COLLECTED DATA:
•••••

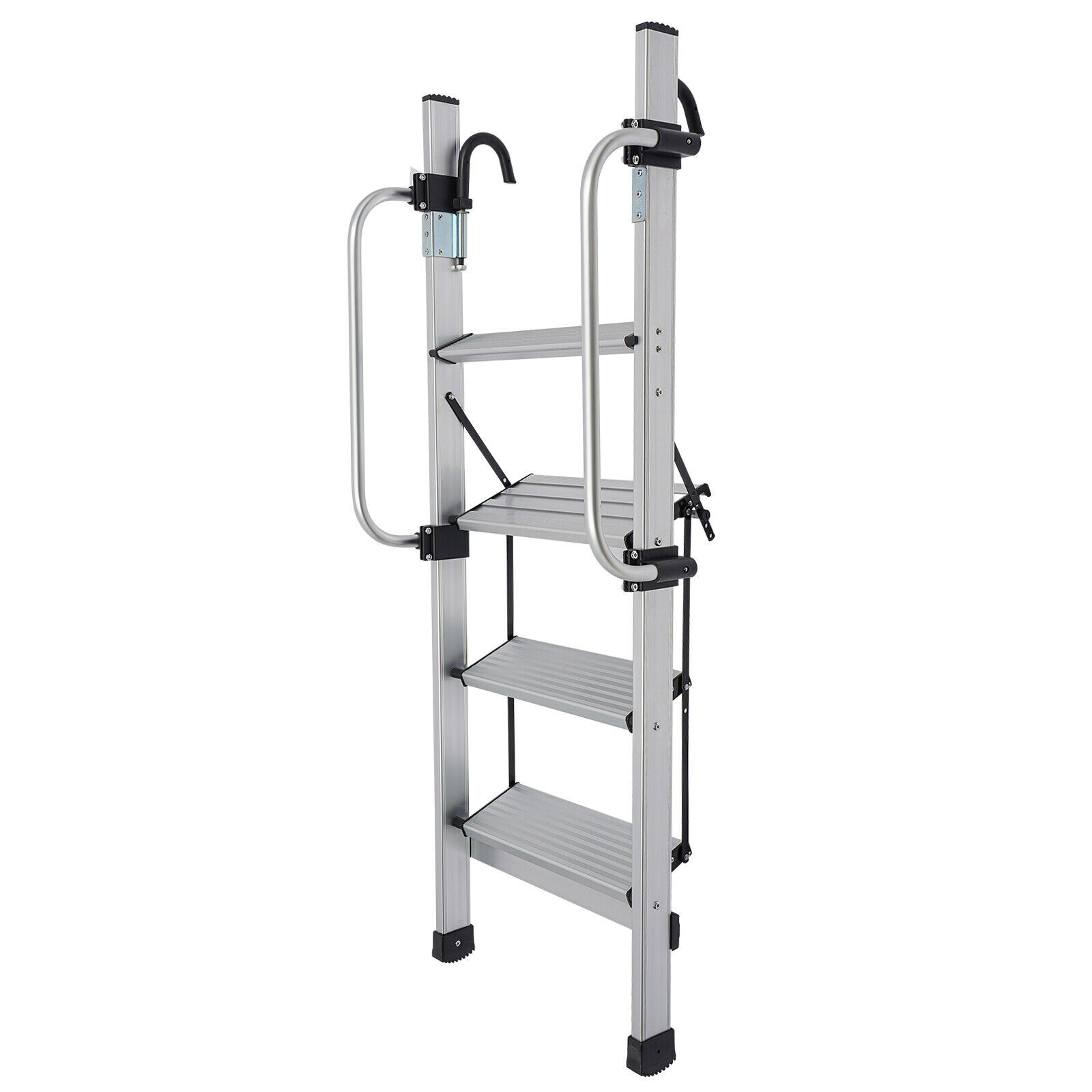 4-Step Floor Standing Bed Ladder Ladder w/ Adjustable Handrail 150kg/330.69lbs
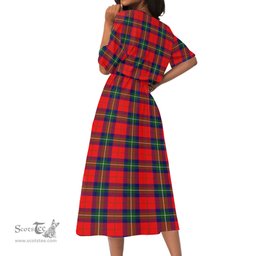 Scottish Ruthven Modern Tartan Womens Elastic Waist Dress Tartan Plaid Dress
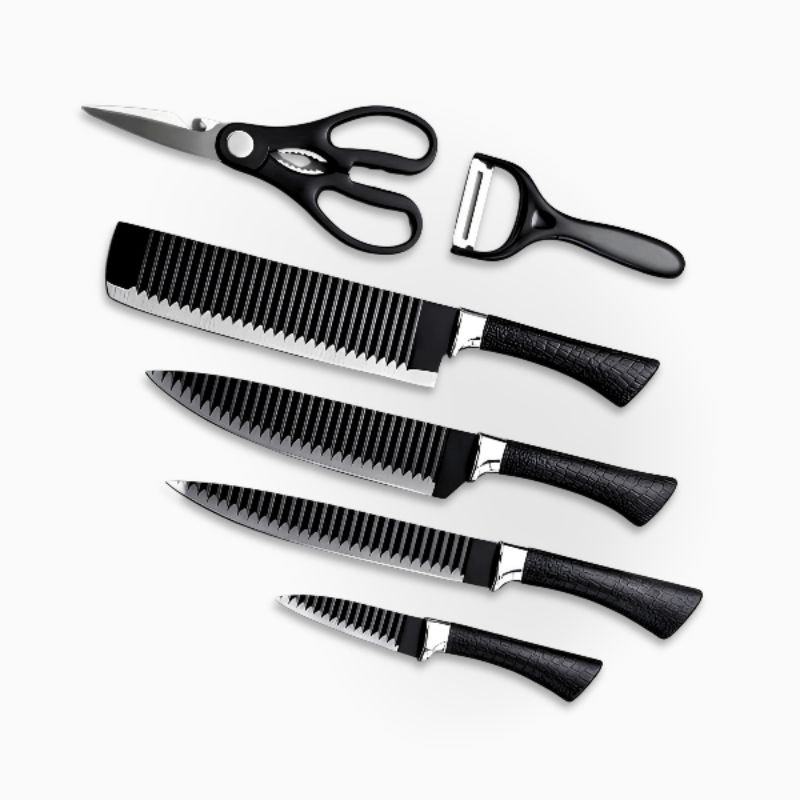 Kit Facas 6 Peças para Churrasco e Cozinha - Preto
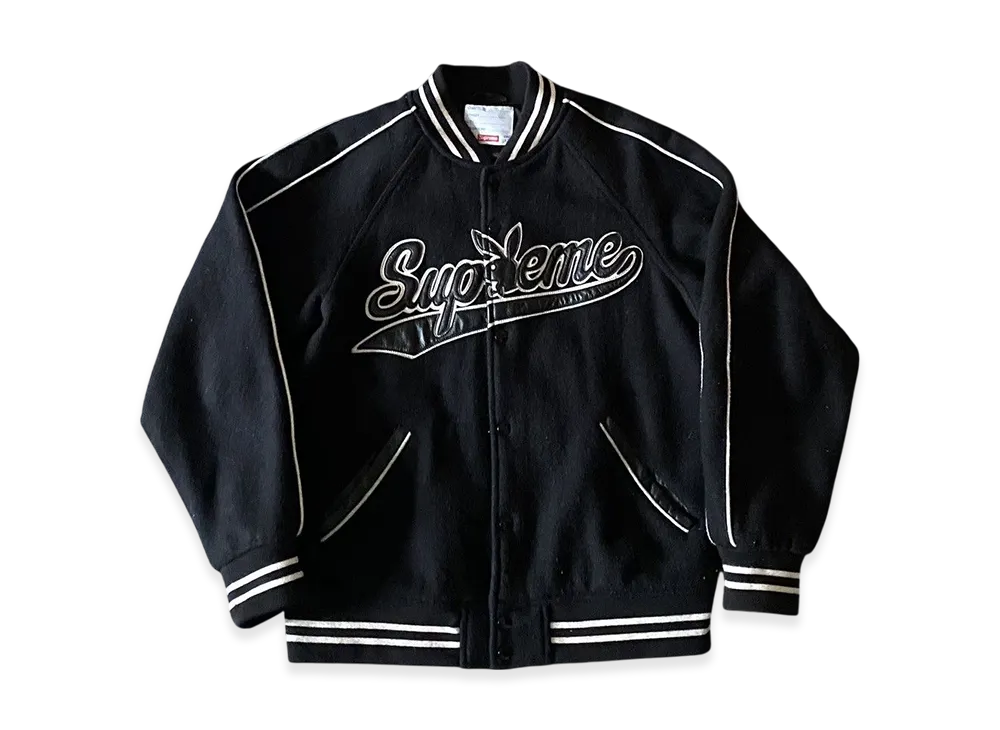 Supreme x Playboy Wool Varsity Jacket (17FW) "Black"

•••••

THE TASK:
Give back the material exactly as written, images excluded.

FINAL ANSWER:
 4-Step Floor Standing Bed Ladder Ladder w/ Adjustable Handrail 150kg/330.69lbs
 Scottish Ruthven Modern Tartan Womens Elastic Waist Dress Tartan Plaid Dress
 Kit Facas 6 Peças para Churrasco e Cozinha - Preto
 Supreme x Playboy Wool Varsity Jacket (17FW) "Black"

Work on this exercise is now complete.